Two weeks after the Munich Olympic massacre, GSG 9 was officially established on 26 September 1972. By April 1973, Wegener reported that the first two sub-units (Teileinheiten) were operationally ready. At the time, GSG 9 was part of the Federal Border Guard (Bundesgrenzschutz, BGS), which was renamed the Federal Police (Bundespolizei) in 2005. The BGS had a paramilitary character, using military ranks until 1976. Its officers held combatant status—initially de facto before 1965, and formally regulated by law from 1965 to 1994. Conscripts were also able to fulfil their compulsory military service by serving in the BGS.

The designation "GSG 9" is derived from the organisational structure of the Federal Border Guard (Bundesgrenzschutz, BGS), which at the time consisted of four border guard commands comprising eight border guard groups (GSG 1–7 and "Sea"). Because the new unit did not fit into any of the existing groups, it was designated Border Guard Group 9 (Grenzschutzgruppe 9, GSG 9).

Since its inception, numerous countries have developed counter‑terrorism units that were trained by or modeled on GSG 9. Examples include Spain's Unidad Especial de Intervención (UEI) of the Civil Guard and India's National Security Guard (NSG), which received training and capability upgrades from GSG 9 following the 2008 Mumbai attacks. Many other countries have also adopted GSG 9 tactics, training methods, and operational concepts to strengthen their own counter‑terrorism capabilities.

===Name change===
After the Bundesgrenzschutz was renamed the Bundespolizei in 2005, the abbreviation "GSG 9" was retained due to the unit's established recognition, reflecting the organisational name change rather than any alteration in its role. The current official designation is GSG 9 der Bundespolizei (abbreviated GSG 9 BPOL or simply GSG 9).

==Operations==
GSG 9 is deployed for counter-terrorism, hostage rescue, and other high-risk law enforcement operations, including responses to kidnapping, extortion, and serious organized crime. An increasing number of arrests carried out by GSG 9 involve cybercrime, which often requires rapid action to secure digital evidence. Deployments related to threats to public safety have also risen. The unit is actively involved in developing and testing new methods and tactics for these missions. In total, GSG 9 conducts approximately 50–60 operations each year.

In contrast to the Spezialeinsatzkommandos (SEK) of the German states, which are trained and equipped for similar missions, GSG 9 operates at the federal level and may only conduct operations within a state's jurisdiction with that state's consent. Federal operations outside the territory of the Federal Republic of Germany likewise require the consent of the foreign nation, such as during rescue missions involving German citizens abroad. Despite the unit's paramilitary characteristics, GSG 9 personnel are strictly limited to policing and tactical intervention roles and may not participate in military hostilities, as they are classified as non‑combatants under international law.

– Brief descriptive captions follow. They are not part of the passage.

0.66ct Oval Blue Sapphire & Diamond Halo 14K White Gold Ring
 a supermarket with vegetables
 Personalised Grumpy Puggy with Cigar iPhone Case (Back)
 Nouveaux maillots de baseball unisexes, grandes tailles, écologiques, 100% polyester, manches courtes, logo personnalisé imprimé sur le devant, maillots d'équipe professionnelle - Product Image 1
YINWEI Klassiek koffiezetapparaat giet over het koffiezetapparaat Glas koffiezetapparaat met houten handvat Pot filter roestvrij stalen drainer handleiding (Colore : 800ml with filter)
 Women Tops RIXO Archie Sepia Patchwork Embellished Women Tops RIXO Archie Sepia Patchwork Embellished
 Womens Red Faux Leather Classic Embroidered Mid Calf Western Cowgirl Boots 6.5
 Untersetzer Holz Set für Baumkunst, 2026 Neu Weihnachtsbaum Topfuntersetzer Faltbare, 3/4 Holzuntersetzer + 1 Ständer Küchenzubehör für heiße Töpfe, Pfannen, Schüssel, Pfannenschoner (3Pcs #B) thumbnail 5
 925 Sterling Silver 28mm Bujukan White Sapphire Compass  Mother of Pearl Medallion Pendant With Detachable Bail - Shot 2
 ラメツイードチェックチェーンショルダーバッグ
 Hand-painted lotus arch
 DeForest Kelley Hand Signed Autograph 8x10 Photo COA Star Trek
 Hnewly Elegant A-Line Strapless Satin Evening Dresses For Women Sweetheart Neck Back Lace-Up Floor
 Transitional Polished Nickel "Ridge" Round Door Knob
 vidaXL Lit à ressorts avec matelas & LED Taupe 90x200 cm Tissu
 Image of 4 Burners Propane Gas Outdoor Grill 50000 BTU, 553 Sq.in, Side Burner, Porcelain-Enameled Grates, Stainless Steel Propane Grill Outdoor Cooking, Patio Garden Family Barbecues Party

Until 2009, GSG 9 was regularly deployed abroad as part of security details for German embassies in high‑risk regions. The increasing workload from these overseas assignments led to the creation of the PSA BPOL, which assumed responsibility for these protective duties.

From 1972 to 2003, GSG 9 reportedly completed over 1,500 missions, discharging their weapons on only five occasions. At the SWAT World Challenge in 2005, GSG 9 won all eight events, outperforming 17 other teams. They successfully defended their title in 2006 and placed fifth in 2007.

===Assistance and training of other units===
Following the successful rescue operation of Lufthansa Flight 181, GSG 9 received numerous requests from foreign governments seeking assistance in training their own special operations units. One example is the consultation provided—alongside other units—during the formation of the US Army's Delta Force. According to information from the Federal Ministry of the Interior (BMI) in 1985, approximately 61 countries maintained training links with GSG 9. Training and support were provided to both friendly and unfriendly states. (Note: Herzog mentioned that unfriendly countries that sought GSG 9 support consisted of countries that don't have good human rights records such as Egypt, Indonesia, Thailand and Turkey.)

An agreement between the BMI and the Singaporean Ministry of Defence allowed for the deployment of GSG 9 personnel to Singapore from 1980 in situations where their intervention was deemed necessary. This arrangement followed GSG 9's assistance in establishing anti‑terrorism capabilities within the Singaporean armed forces.

Germany offered assistance to India in the aftermath of the November 2008 Mumbai attacks. GSG 9 helped train and upgrade the National Security Guard (NSG), India's primary counter‑terrorism unit. Additional support was provided to the Mumbai Police to aid in the creation of a dedicated police tactical unit.

The suspected involvement of retired GSG 9 operators in training Libyan security forces in 2008 drew significant criticism in German media. GSG 9's assistance in training Belarusian security forces between 2008 to 2011 was also heavily criticized.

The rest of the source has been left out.